LOS ANGELES (AP) – Chivas USA ceased operations on Monday after 10 troubled and unsuccessful years in Major League Soccer, with the league planning a new franchise for Los Angeles that will begin play in 2017 with new ownership and a new soccer-specific stadium.
The league's Board of Governors unanimously decided to shut down Chivas USA after reviewing a new plan for the Los Angeles market. As a result, the league will have 20 teams in the 2015 season, including new franchises in Orlando and New York City.
Commissioner Don Garber said MLS will conduct a dispersal draft of the Chivas USA roster before Dec. 1.
The league will re-align its conferences next year, sending Houston and Sporting Kansas City to the Western Conference to create two 10-team conferences. Each team will play 34 regular-season games, with clubs playing a home-and-away series against each team in the opposing conference. Clubs will play each of their nine conference opponents at least twice, plus six more intra-conference games.
Chivas USA finished seventh in the nine-team Western Conference with a 9-19-6 record. The team averaged less than 7,000 for home games this season at StubHub Center in Carson, which it shared with the more successful Los Angeles Galaxy.
Chivas USA was formed in 2004, and MLS announced in February that it had assumed operation of the team from Jorge Vergara and Angelica Fuentes, who have controlled the Mexican club Chivas Guadalajara since 2002 and had a 50 percent interest in Chivas USA.

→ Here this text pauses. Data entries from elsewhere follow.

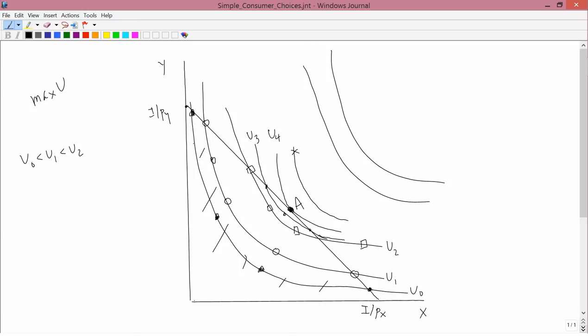He can achieve utility level U4, but he has to go to that one point — let's call that point A. If he chooses point A, in other words this amount of X and this amount of Y, then he'll achieve utility level U4. There's no other way to achieve U4 because every other point on U4 is outside his affordable set. U4 is the best level of utility he can achieve — it's higher than U3, U2, U1, and U0. This is how we model consumer choice: he has a fixed budget constraint and maximizes utility subject to that budget constraint.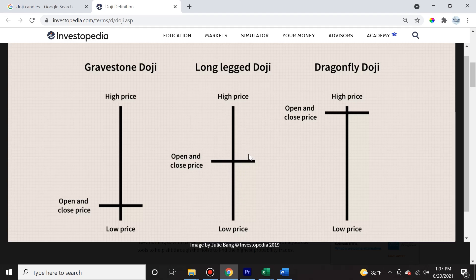What does this mean? This means that there was a lot of indecision. But if it comes after a strong bullish or bearish momentum, it can have important implications because it can mean that the bulls or the bears have run out of steam. Just looking at the long legged doji without any context, you could see that the price ran up really high, then the price ran down really low, but it closed where it opened because there was indecision.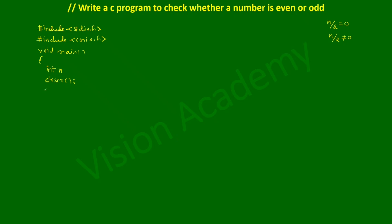Now let us ask the user to enter the number using printf statement. Here I'm going to write printf, in double quotation mark I'm going to ask the user to enter the number, end the double quotation mark, closing brace and put semicolon.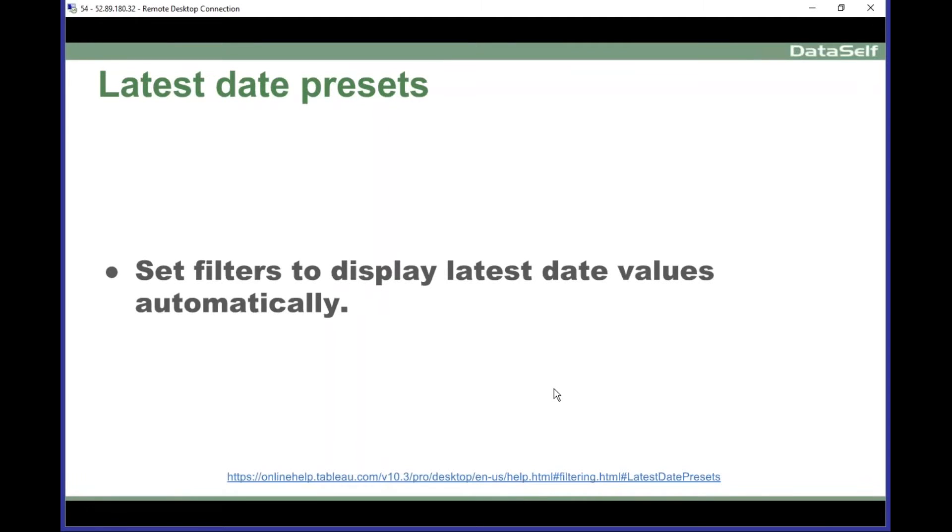Next, latest data presets. This feature is helpful, especially when you're working with data that is not necessarily related to today.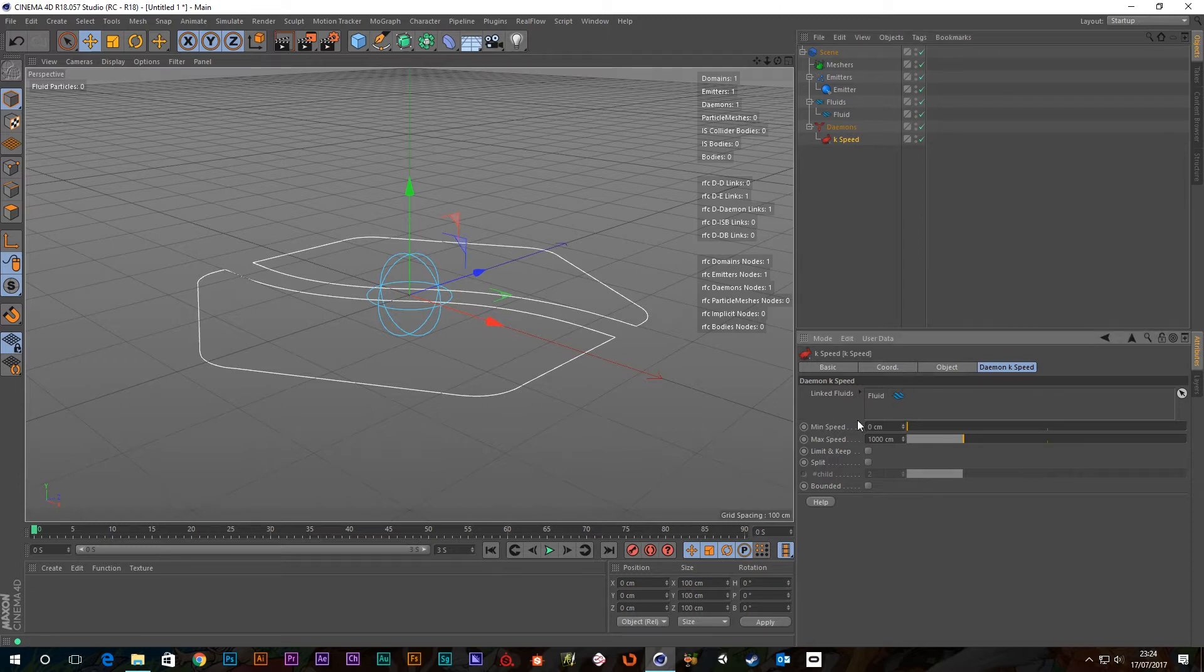And then, underneath that we've got min speed, max speed, limit and keep, split, bounded. Okay, so let's go through each of these then.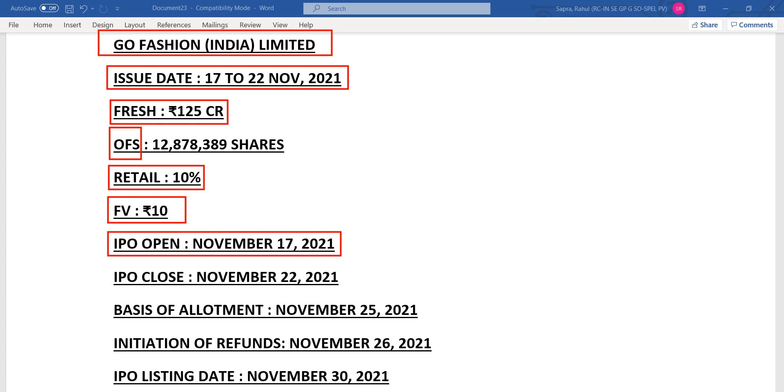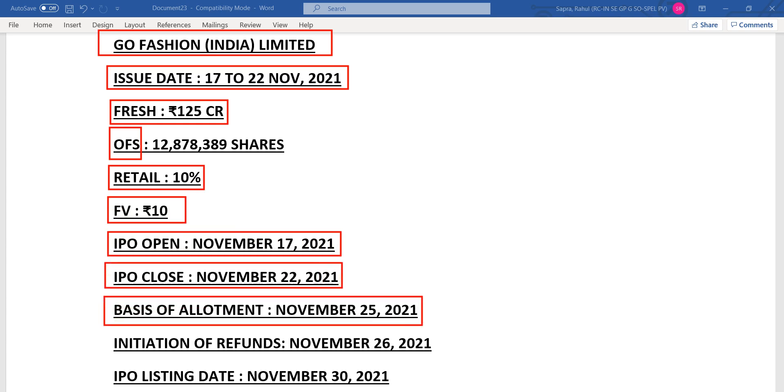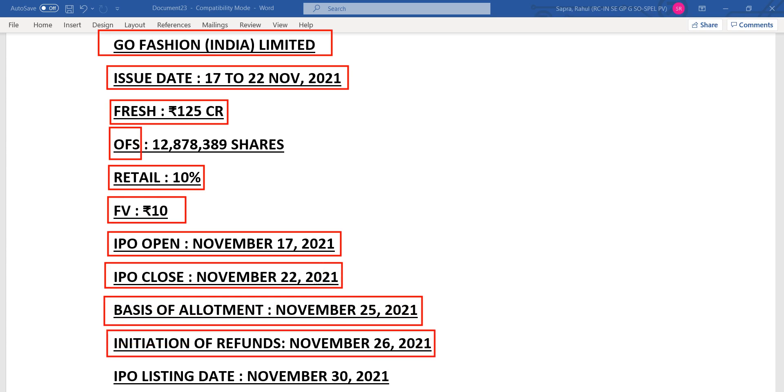Closing on 22nd of November. Allotment will be out by 25th of November. Refund will be there into your bank account by 26th of November, and IPO will list on BSE as well as NSE by 30th of November.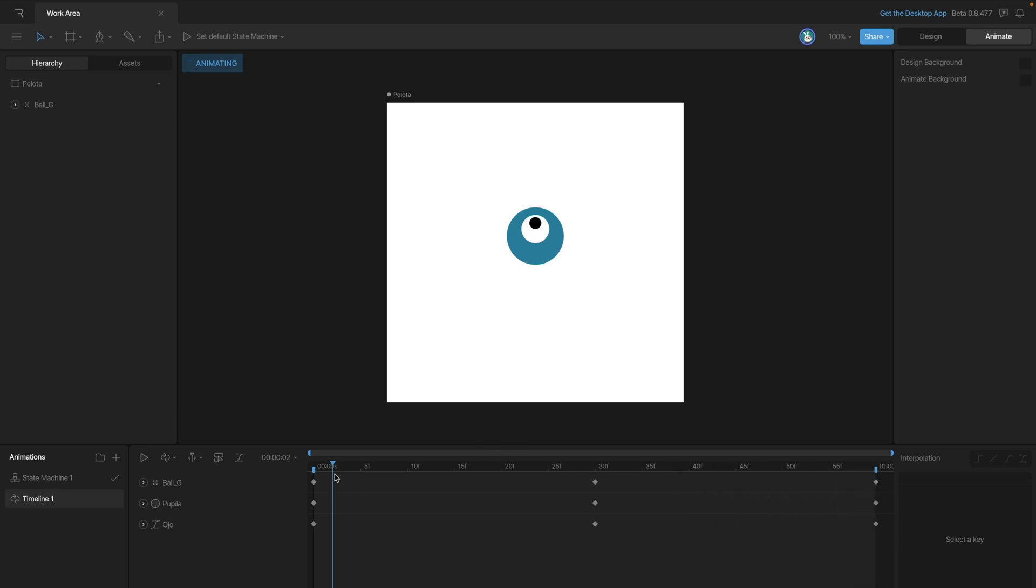Now these little tabs here allow us to define the actual playback area of the animation. For example, if we leave the tabs where they are and we play back the animation, it's going to play back our entire animation.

The pair took operating control of Chivas USA in August 2012 when they bought out former partners Antonio and Lorenzo Cue, who had been running the team.
The team was targeted at Los Angeles' large Hispanic population.
"We found out very quickly that strategy wasn't effective," Garber said on a conference call.
He thanked Chivas USA's past and present ownership, saying they were "really committed to our league." He also thanked the club's players and fans for sticking with the franchise despite its losing record.
Garber said the Chivas USA academy in Bell Gardens will close next June, and the new franchise will launch its own youth academy.
Former Chivas USA youth coaches Daniel Calichman and Theothoros Chronopoulos filed a discrimination lawsuit against the team in 2013, a case that was resolved without a trial.
Details about the new Los Angeles franchise will be announced Thursday. Garber said one of the stadium sites under consideration is on the University of Southern California campus south of downtown. However, he added that it's possible the new stadium won't be located downtown.
"There was enormous interest in purchasing rights to our new team in Los Angeles," he said.
Garber described the new ownership as "really committed and passionate," and he said many of the owners will reside in Los Angeles.
The commissioner said the region deserves another chance at having two MLS teams because of its size, and the large number of soccer fans and interested sponsors.
"Having two teams in Los Angeles doesn't mean that we might not through expansion have teams in many markets," he said.